Wodduck - crucifying TalkCalssical members since 2014.


----------



## Woodduck (Mar 17, 2014)

^^^ Why, thank you, Terror! Actually, RW's post was a hint, and mine was an acknowledgement. Debussy was strongly influenced in composing _Pelleas_ by both _Parsifal_ and _Boris_. That makes him a link between Wagner and Mussorgsky.


----------



## Rogerx (Apr 27, 2018)

Richannes Wrahms said:


> The link is Debussy.


In that case: Pelléas et Mélisande.


----------



## NLAdriaan (Feb 6, 2019)

Debussy wins the game, as in Patisserie vs Bratwurst


----------



## annaw (May 4, 2019)

NLAdriaan said:


> Debussy wins the game, as in Patisserie vs Bratwurst


Bratwurst might still be preferred  .


----------



## NLAdriaan (Feb 6, 2019)

annaw said:


> Bratwurst might still be preferred  .


Of course, there is no absolute taste.


----------



## Richannes Wrahms (Jan 6, 2014)

I do think Boris, at least musically, deserves more recognition.


----------



## Woodduck (Mar 17, 2014)

Richannes Wrahms said:


> I do think Boris, at least musically, deserves more recognition.

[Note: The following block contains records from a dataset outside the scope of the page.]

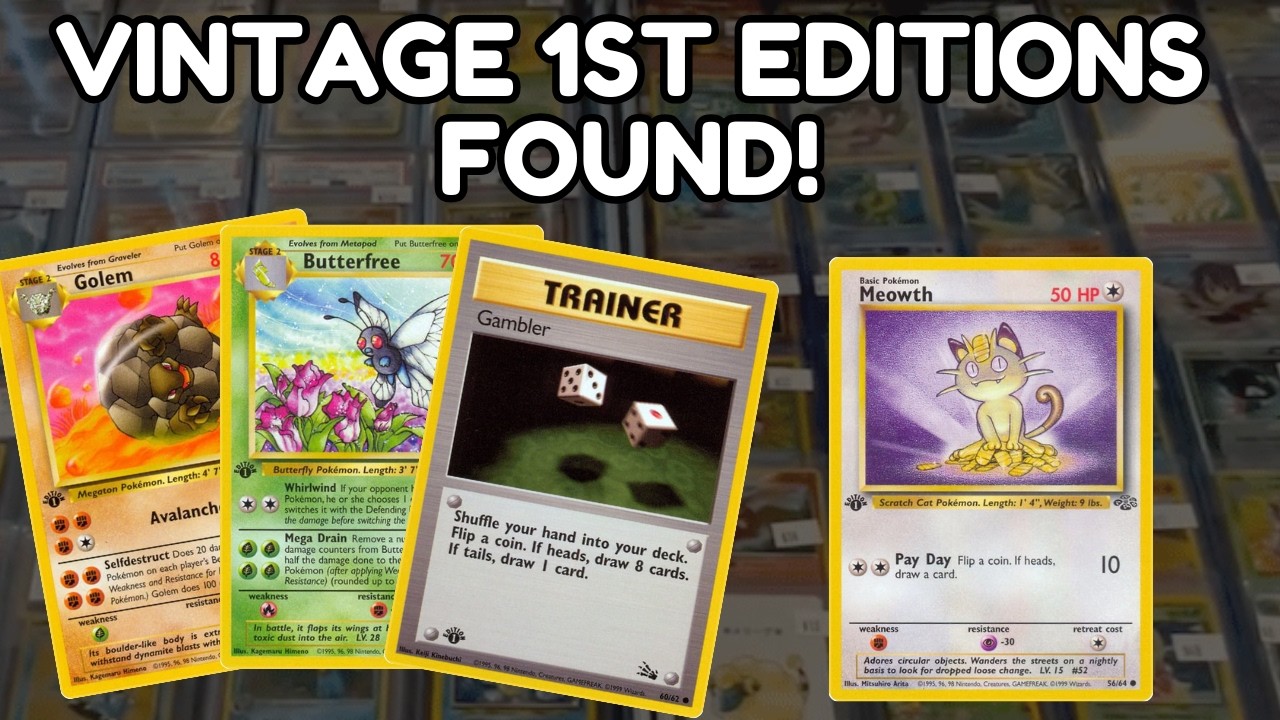 Я нашла редкие винтажные карточки Pokemon на выставке коллекционных карточек | Покупки из коллекции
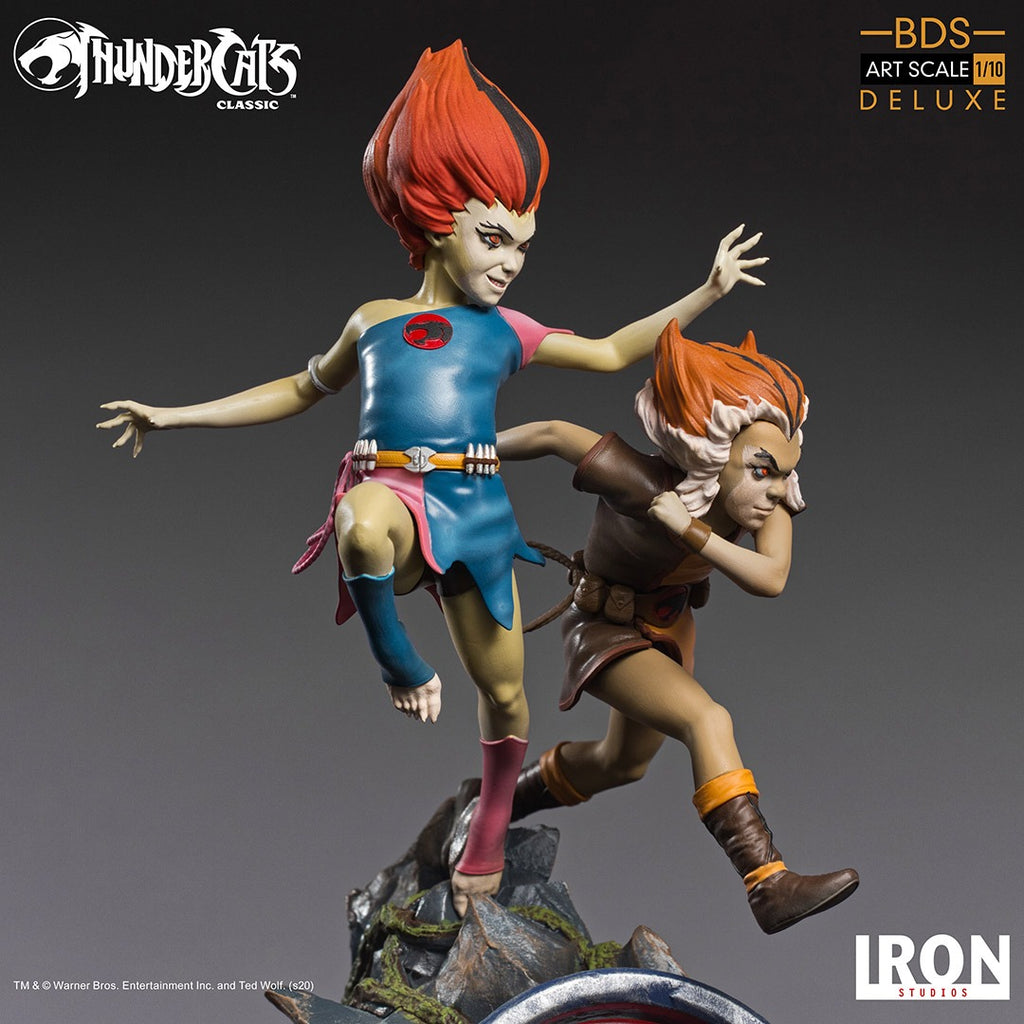 Estátua Wilykit & Wilykat - Thundercats -Bds Art Scale 1/10 - Iron Studios
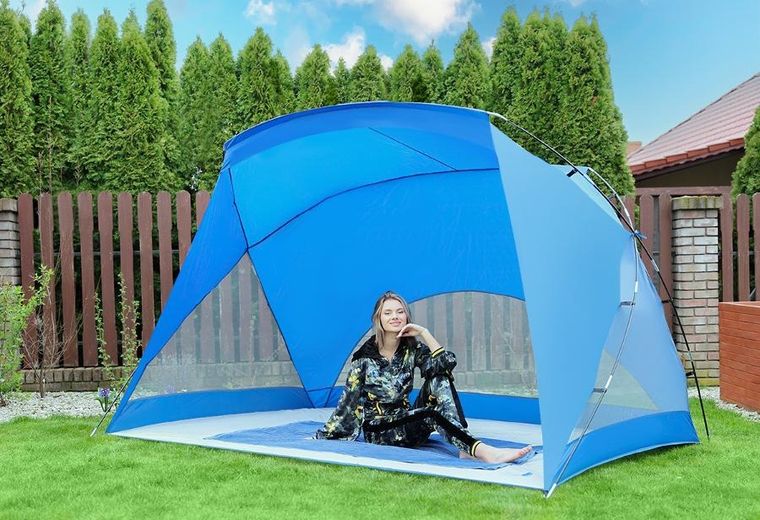 Saska garden, namiot ogrodowy 4 osobowy, 273-195-175/155cm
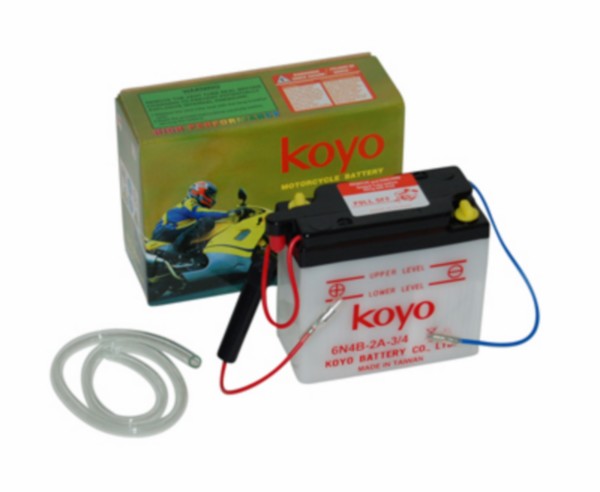 accu 6n4b-2a-3 6v 4amp camino, dt-mx, er, rd-mx, zr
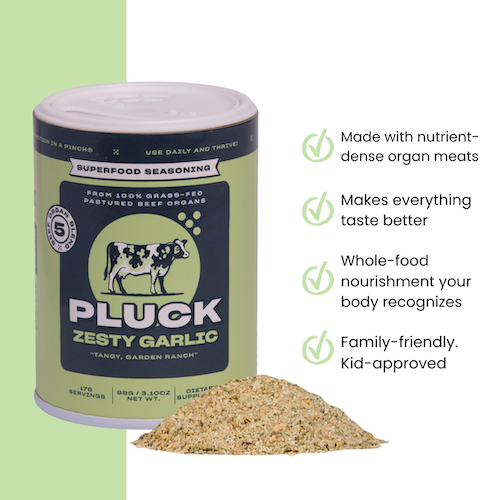 Pluck - Pluck Zesty Garlic Superfood Seasoning
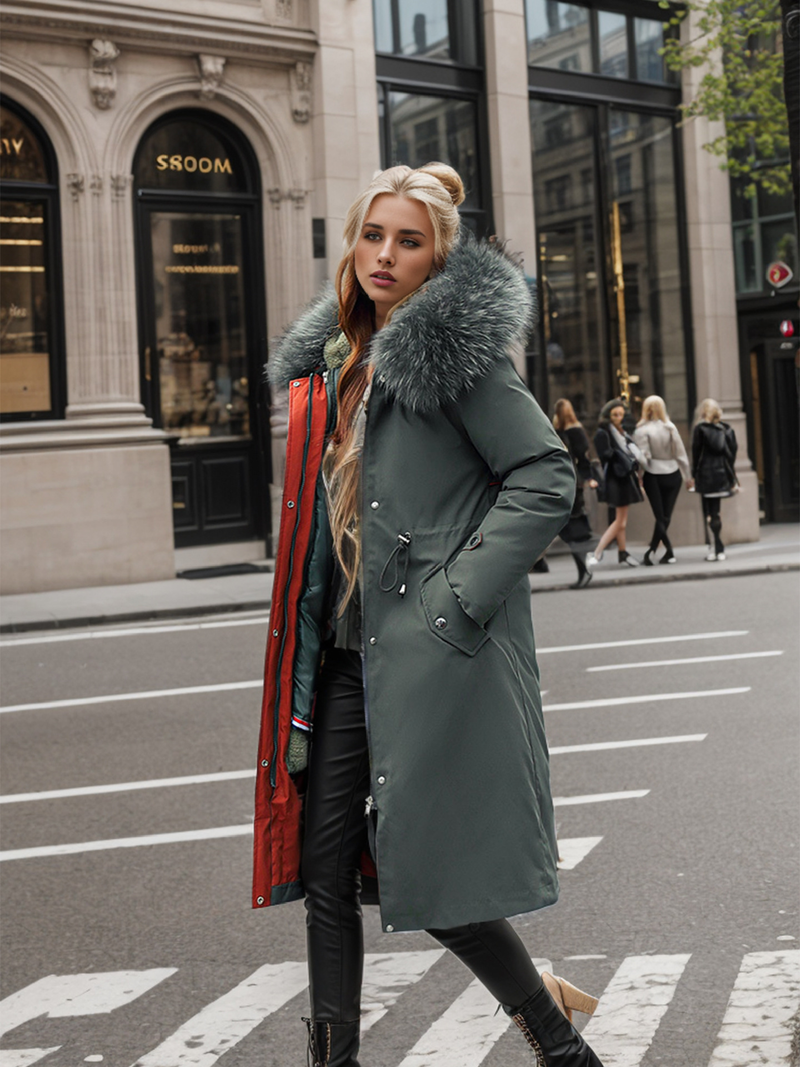 Women's one dress three wear pie overcome detachable long fashion Korean version plus cashmere warm Warm jacket jacket tooling quilts_voghion.com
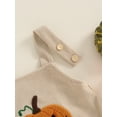 thumbnail image 5 of Newborn Baby Boys Girls Halloween Clothes Sleeveless Overalls Embroidery Rompers Suspender Jumpsuit Fall Outfit, 5 of 8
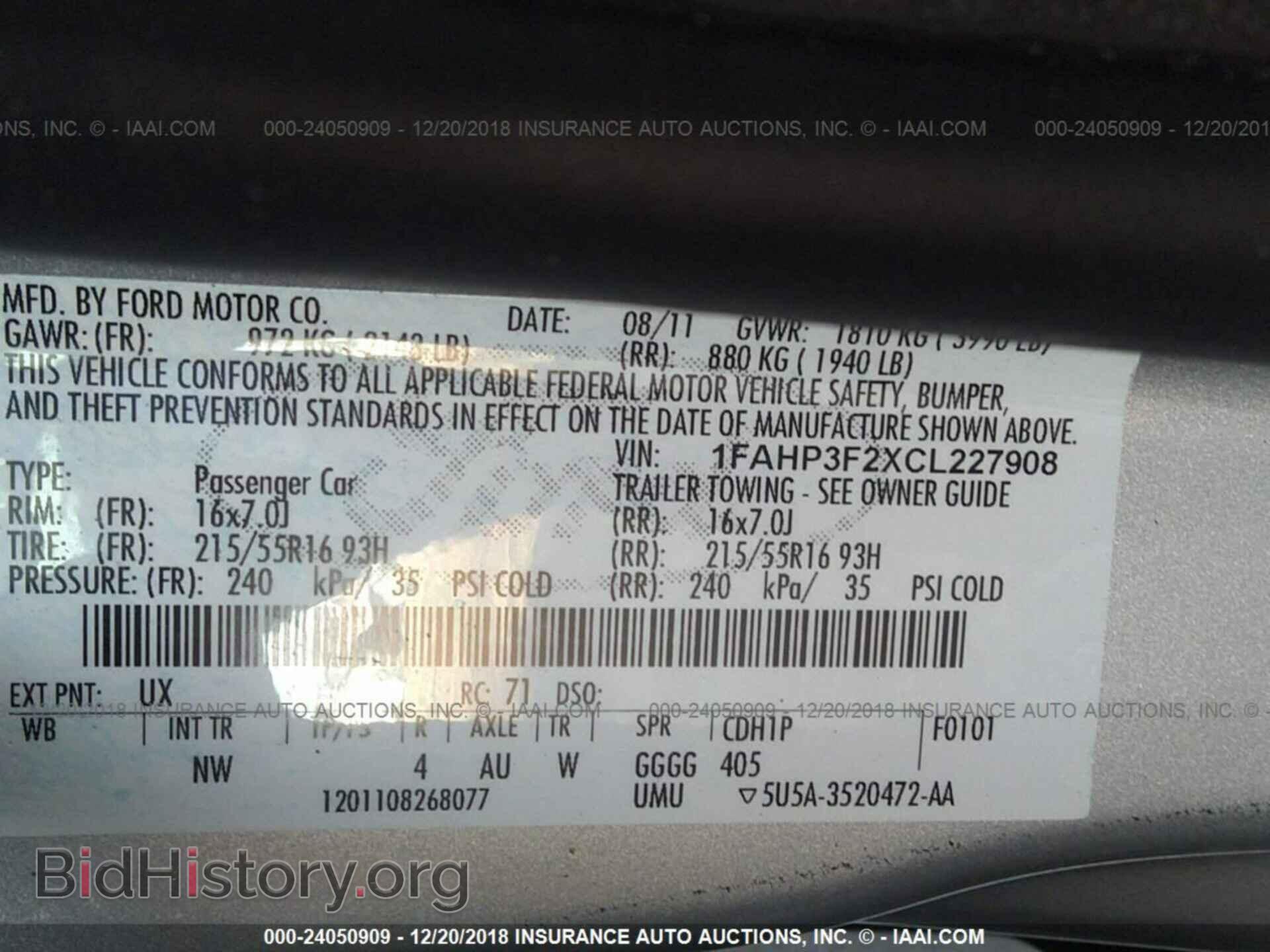 2012 Ford Focus - VIN: 1FAHP3F2XCL227908 - Photo 9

Boris is a great opera, but its popularity may be affected by the fact that it lacks a clear and definitive musical and dramatic shape. We knew it mainly through Rimsky-Korsakov's version until recent decades, but Mussorgsky himself revised it, and a production has to decide which version or versions to use, which scenes to include, and in what order to play them. For example, do we include the "Polish act," which could be felt as something of a distraction but does provide a nice female role? How much relative emphasis do we give to the Russian people, the politics of the period, and Boris himself? The opera tends to come off as a series of tableaus rather than a tightly structured plot. It also needs a powerful, charismatic bass for the title role. Given these problems, I think it's a tribute to Mussorgsky's musical genius that the opera is performed as often as it is.


----------



## Barbebleu (May 17, 2015)

Red Terror said:


> Wodduck - crucifying TalkCalssical members since 2014.


Only those who warrant it!


----------



## MarkW (Feb 16, 2015)

I love both Peleas and Boris; Parsifal less so (sorry Woodduck). I have to admit to a guilty pleasure fondness for Karajan's recording, which both conflates both versions and uses Rimsky's orchestration (very un-PC on two levels), but any recording that has both Nikolai Ghiarov and Marti Talvela is like going to a restaurant and having Filet Mignon with Prime Rib on the side.


----------